BEGIN

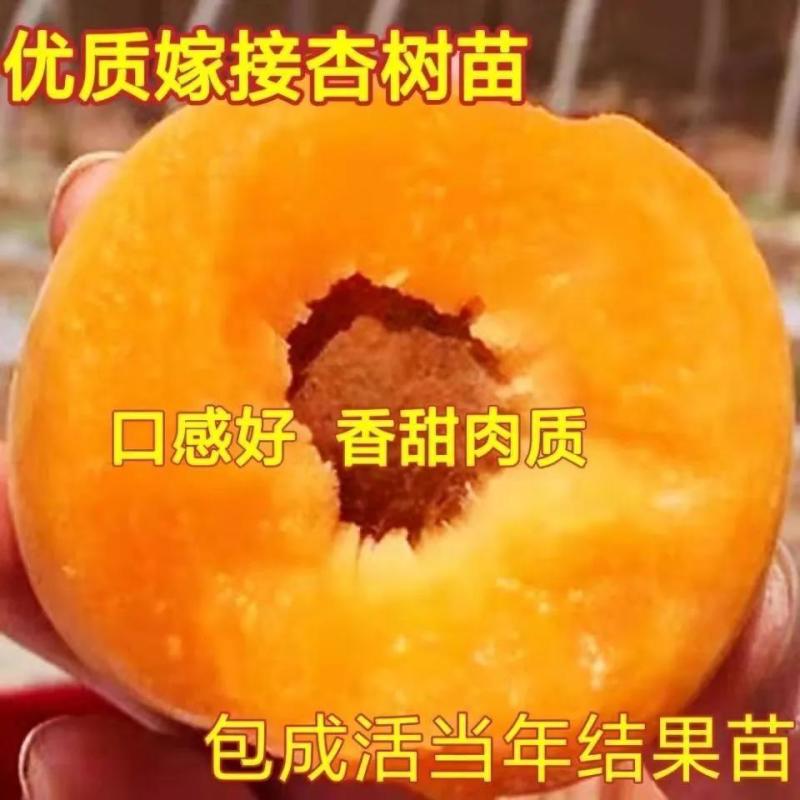 荷兰香蜜杏苗嫁接杏树苗南北方种植当年结果杏树苗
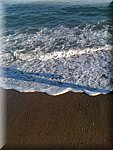 IMG_0907.jpg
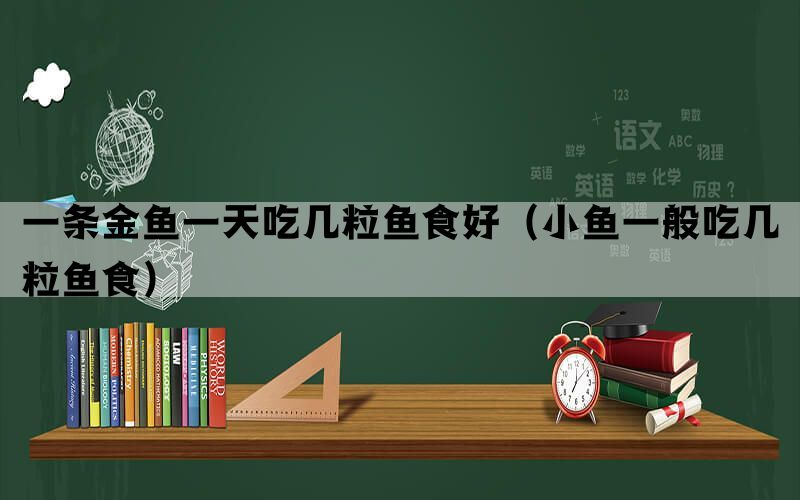 一条金鱼一天吃几粒鱼食好（小鱼一般吃几粒鱼食）(图1)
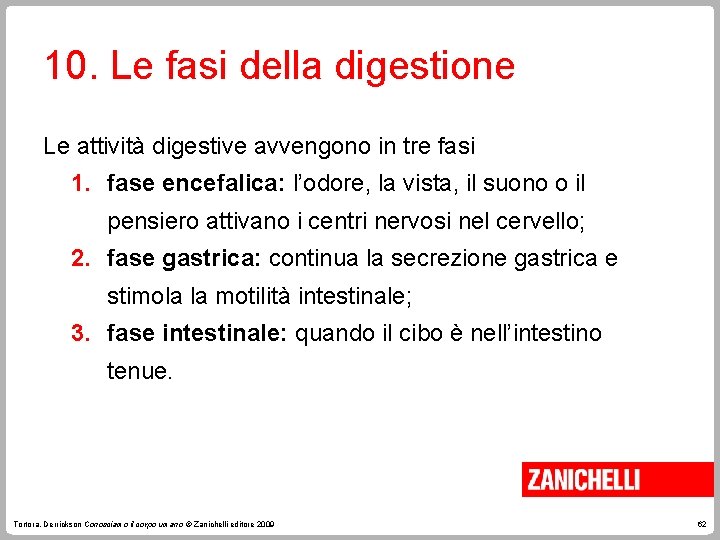 10. Le fasi della digestione Le attività digestive avvengono in tre fasi 1. fase
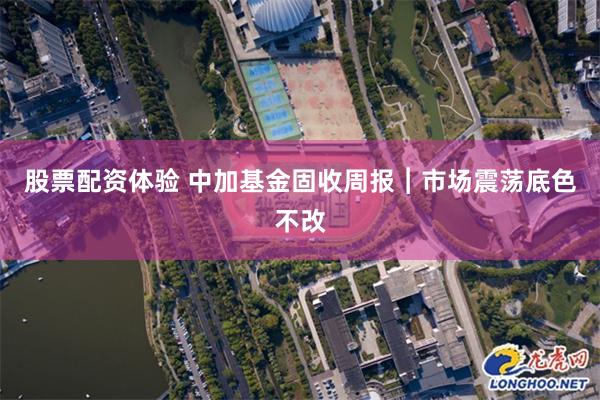 股票配资体验 中加基金固收周报︱市场震荡底色不改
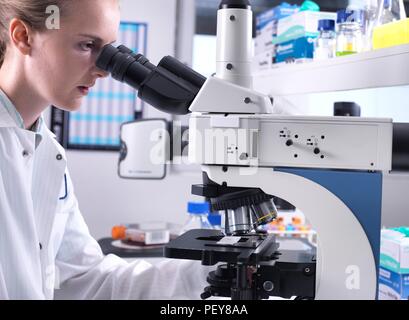 Scientists viewing a biological sample on a glass slide under a light microscope. Stock Photo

END

Give again, word for word, the lines from the one containing "IMG_0907.jpg" through the last line of the entries, with pictures omitted and nothing added.

 IMG_0907.jpg
 一条金鱼一天吃几粒鱼食好（小鱼一般吃几粒鱼食）(图1)
 10. Le fasi della digestione Le attività digestive avvengono in tre fasi 1. fase
 股票配资体验 中加基金固收周报︱市场震荡底色不改
 Scientists viewing a biological sample on a glass slide under a light microscope. Stock Photo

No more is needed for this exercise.